Image-text web data
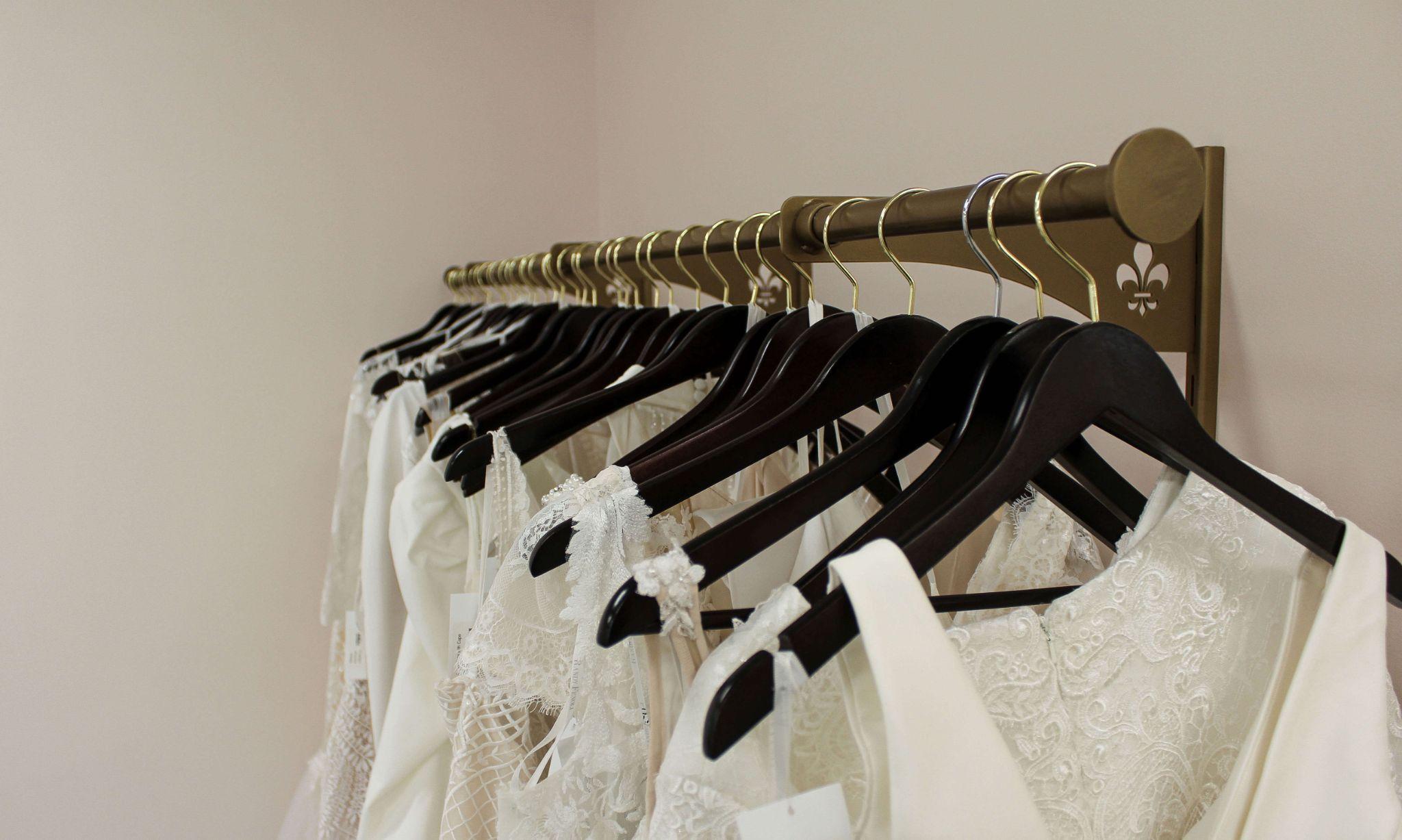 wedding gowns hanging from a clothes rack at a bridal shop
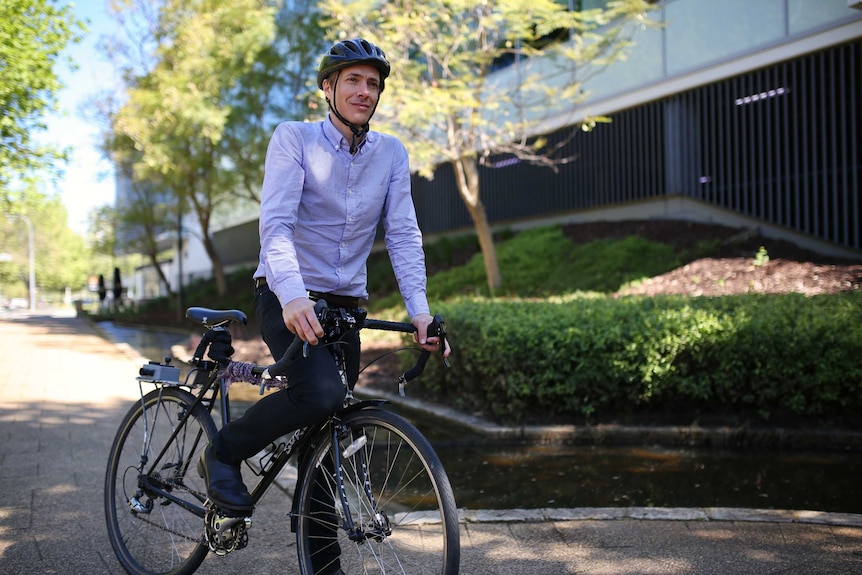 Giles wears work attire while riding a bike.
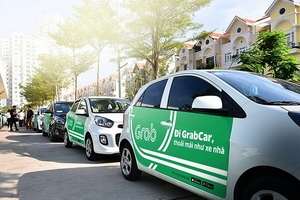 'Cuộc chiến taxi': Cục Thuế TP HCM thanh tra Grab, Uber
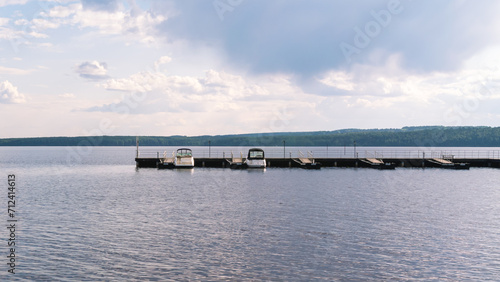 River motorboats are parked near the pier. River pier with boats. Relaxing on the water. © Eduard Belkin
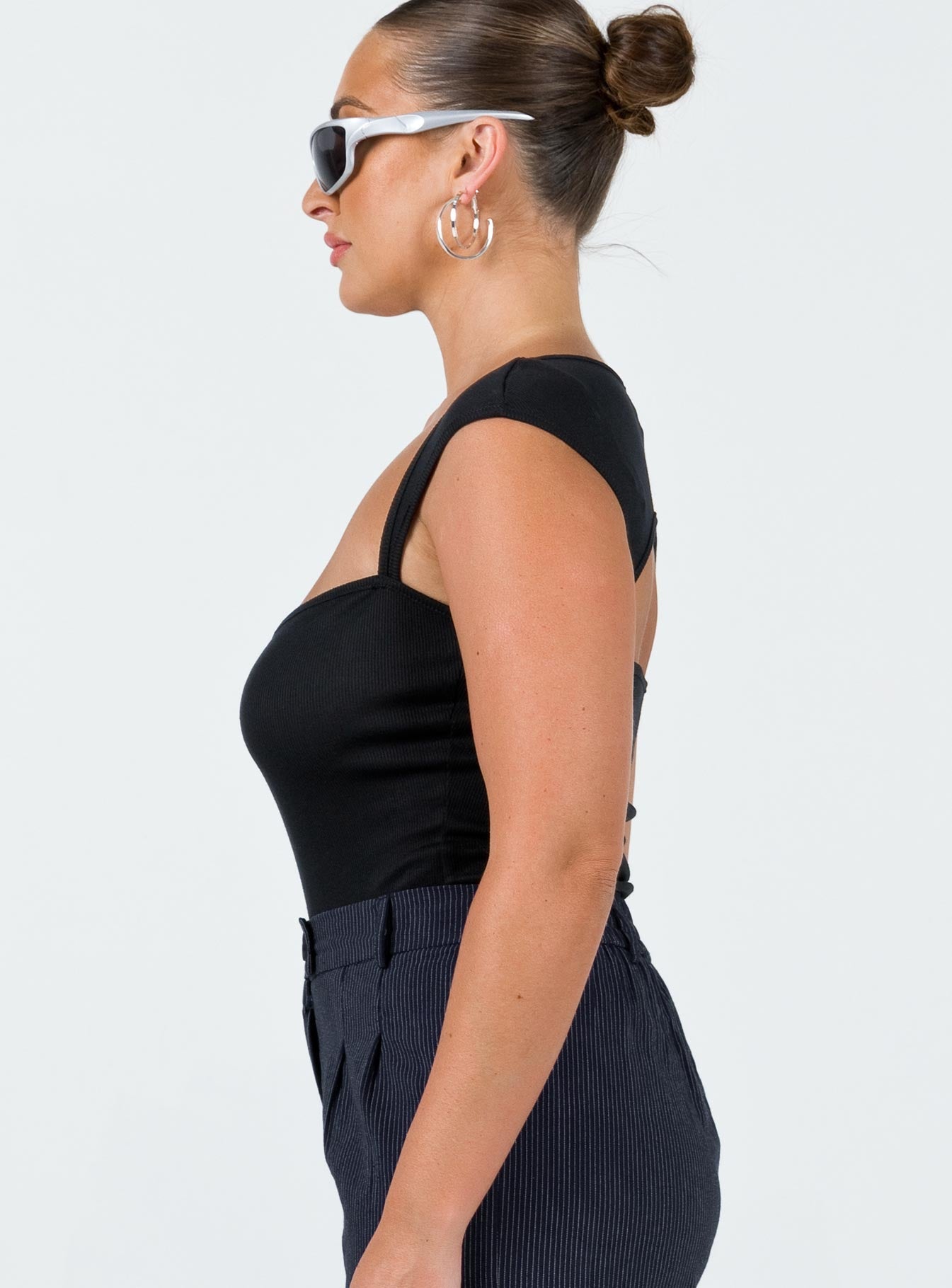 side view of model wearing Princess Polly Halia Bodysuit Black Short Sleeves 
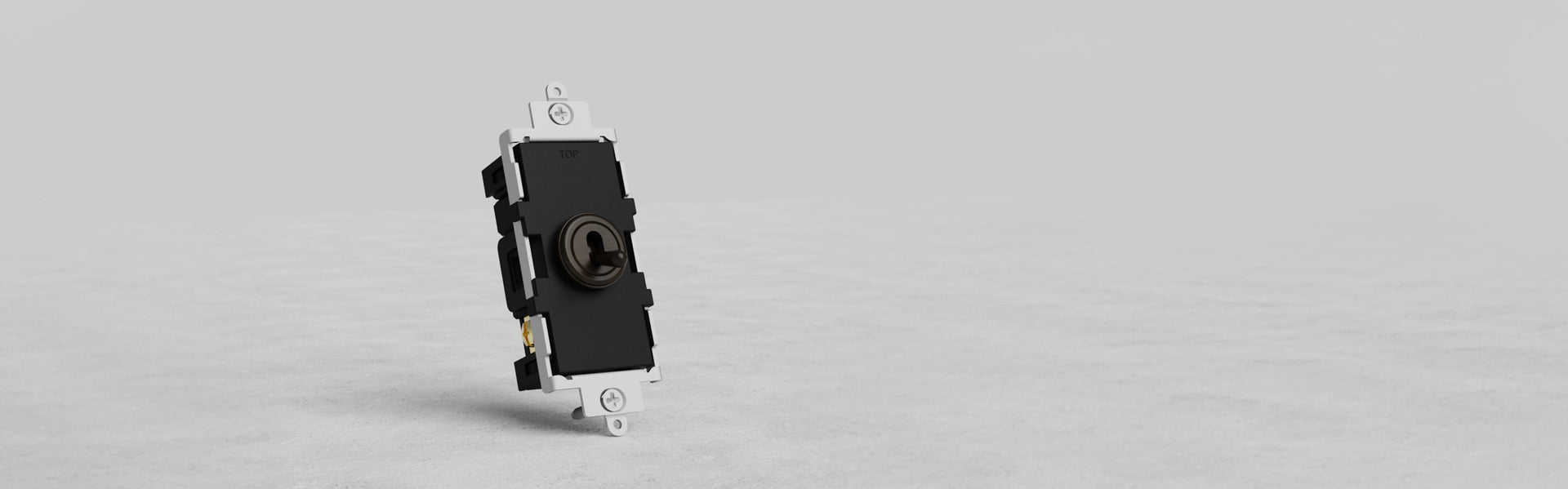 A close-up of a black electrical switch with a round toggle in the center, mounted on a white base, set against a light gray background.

> **Task objective**:
I need the lines from the one holding "River motorboats are" through the last line of the entries set down exactly, with every picture left out.

> **Written solution**:
 River motorboats are parked near the pier. River pier with boats. Relaxing on the water. © Eduard Belkin
 side view of model wearing Princess Polly Halia Bodysuit Black Short Sleeves 
 A close-up of a black electrical switch with a round toggle in the center, mounted on a white base, set against a light gray background.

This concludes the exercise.